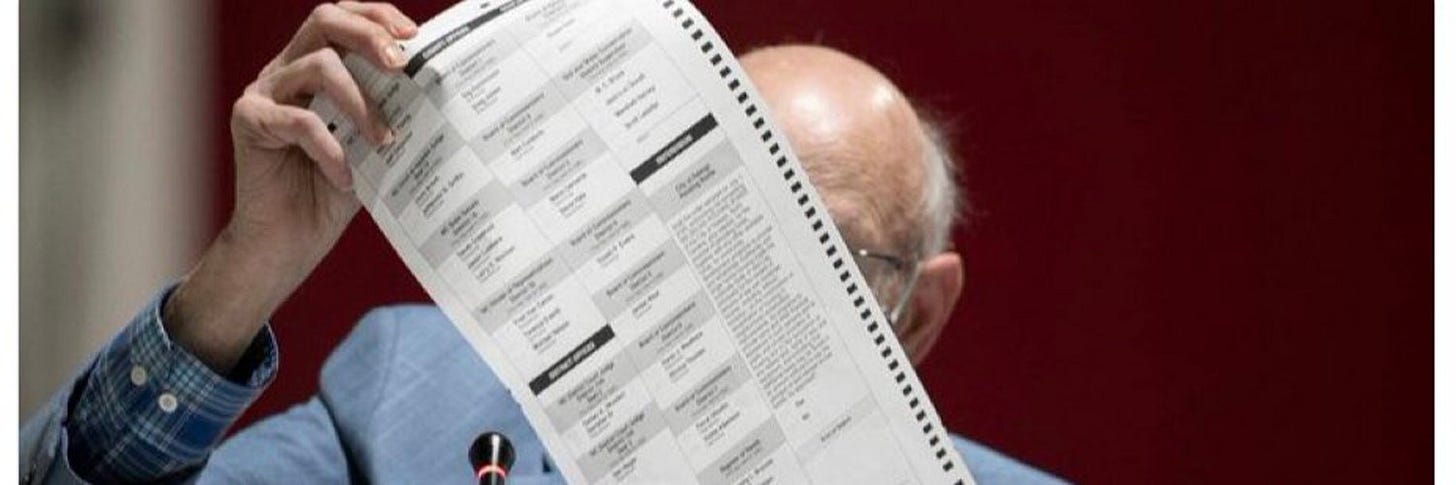 Gerry Cohen looking at a ballot VERY closely Gerry Cohen looking at a ballot VERY closely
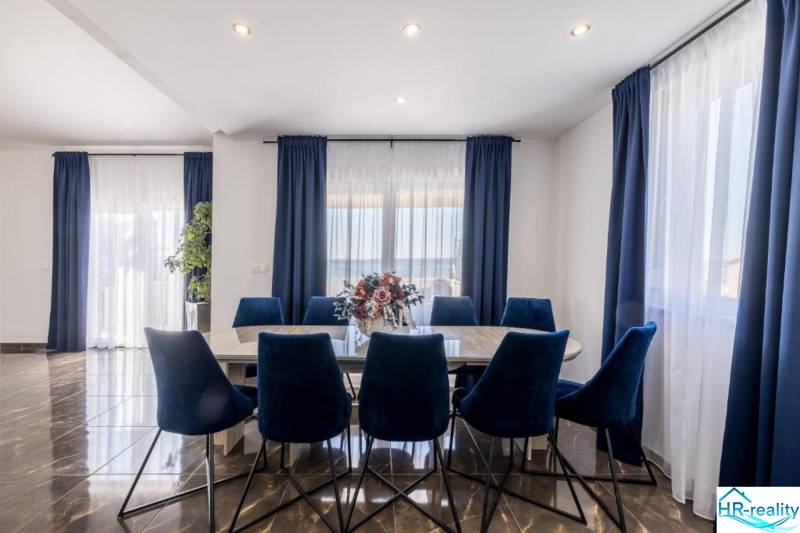 Kaštela(HR)-moderná vila s krásnym výhľadom - Jedáleň vo Vile s tmavými závesmi, podlahou s dreveným dekorom a modrými stoličkami.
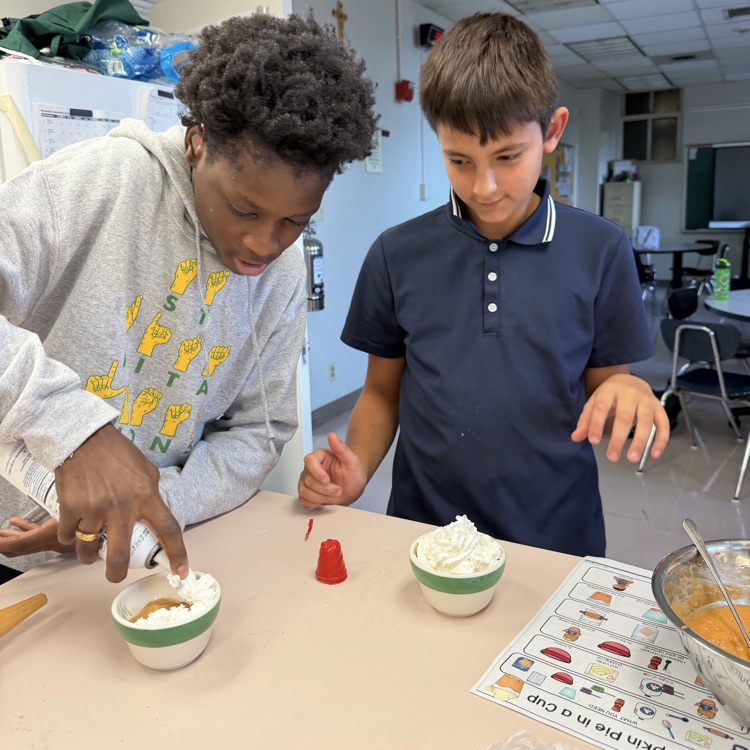 students are adding whip cream to their pumpkin pie in a cup!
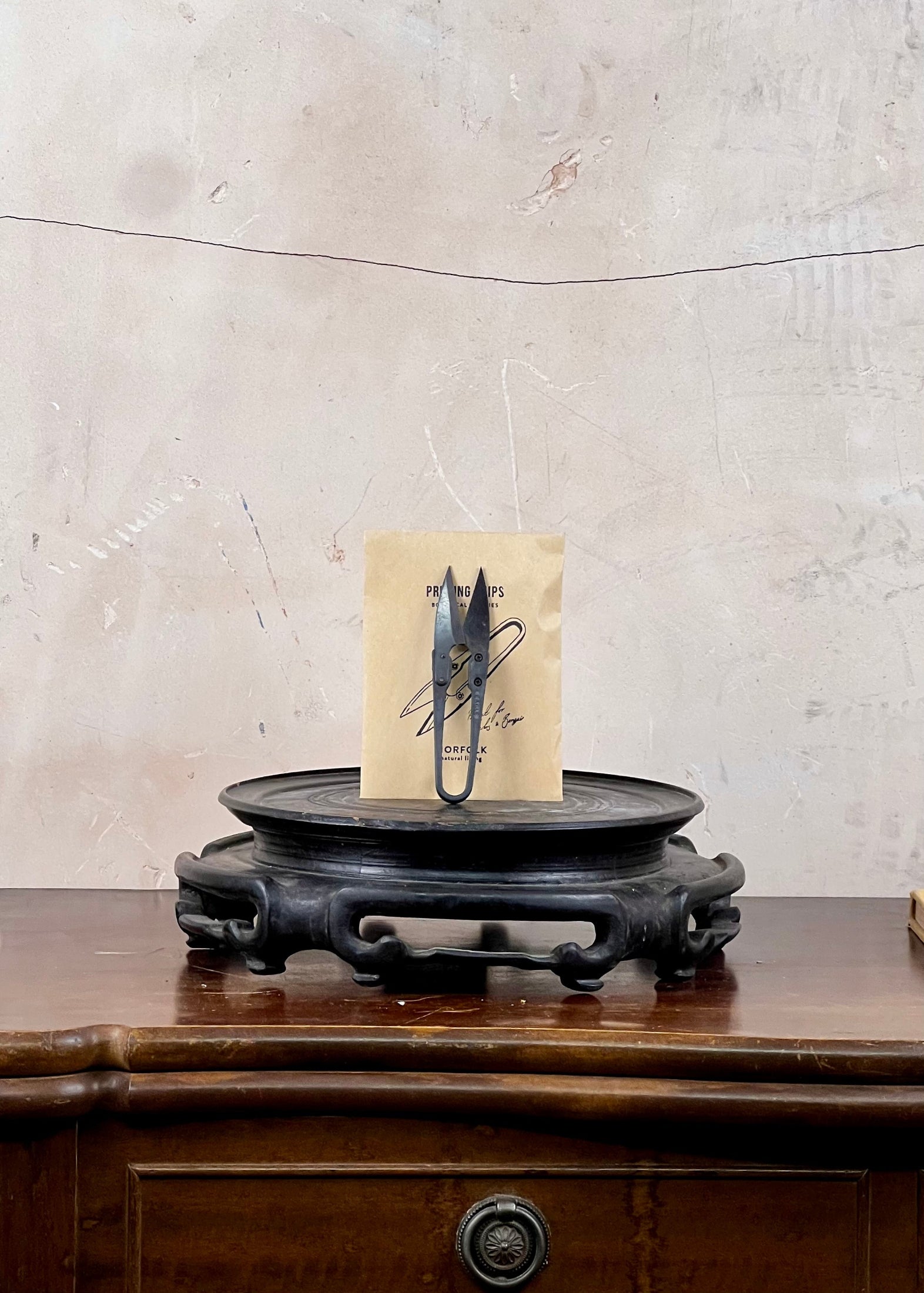 Scissors on a wooden stand with a textured wall background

§ About this exercise
Restate the data exactly, though only from the line that contains "students are adding" through its last line, both ends included and with the pictures left out.

§ Exercise answer
 students are adding whip cream to their pumpkin pie in a cup!
 Scissors on a wooden stand with a textured wall background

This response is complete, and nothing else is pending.